Captioned web images
● ● ● ● ● ● ●
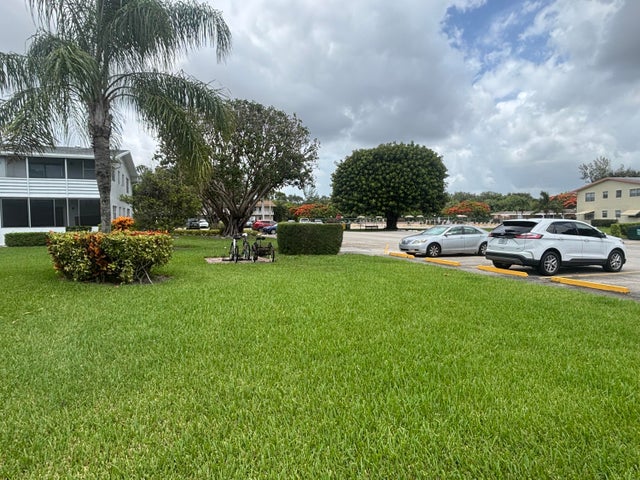 4 of 23 - 403 Windsor R, West Palm Beach, FL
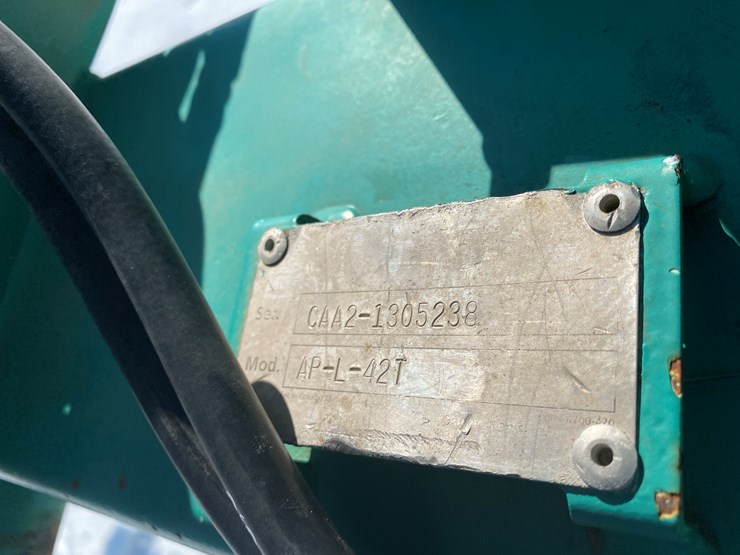 2013-houle-ap-l-42t-image-33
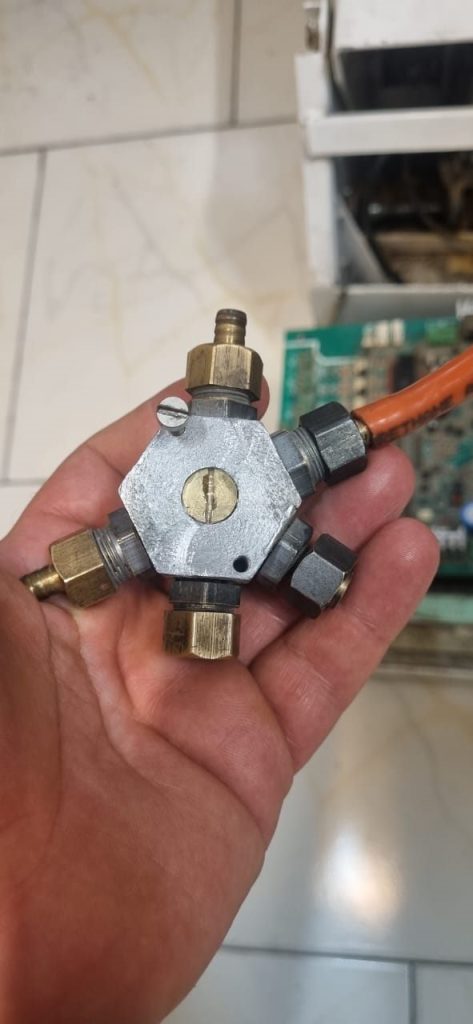 بلوک چهارراهی هوا و آب یونیت دندانپزشکی در دست تکنسین دنتالفیکس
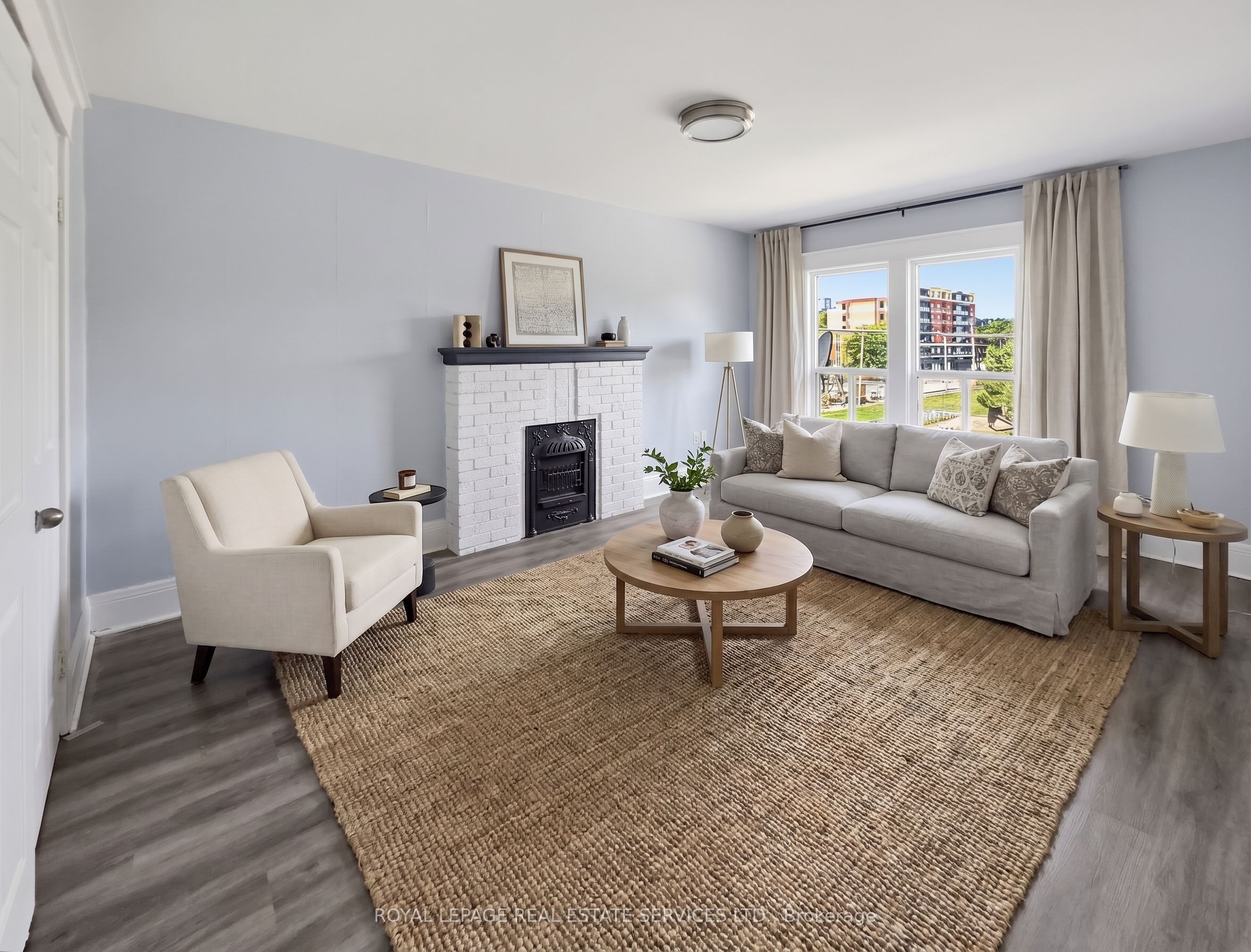 8 Ottawa Street N 8 Property Photo 1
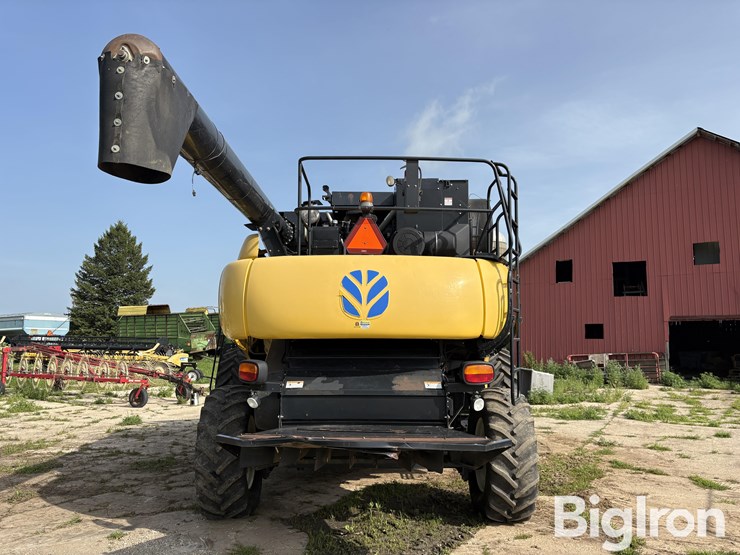 2009-new-holland-cr9040-image-6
● ● ● ● ● ● ●
THE TASK —
Please transcribe all of the entries word for word, with the pictures left out.

RESULT FOR THIS TASK —
 4 of 23 - 403 Windsor R, West Palm Beach, FL
 2013-houle-ap-l-42t-image-33
 بلوک چهارراهی هوا و آب یونیت دندانپزشکی در دست تکنسین دنتالفیکس
 8 Ottawa Street N 8 Property Photo 1
 2009-new-holland-cr9040-image-6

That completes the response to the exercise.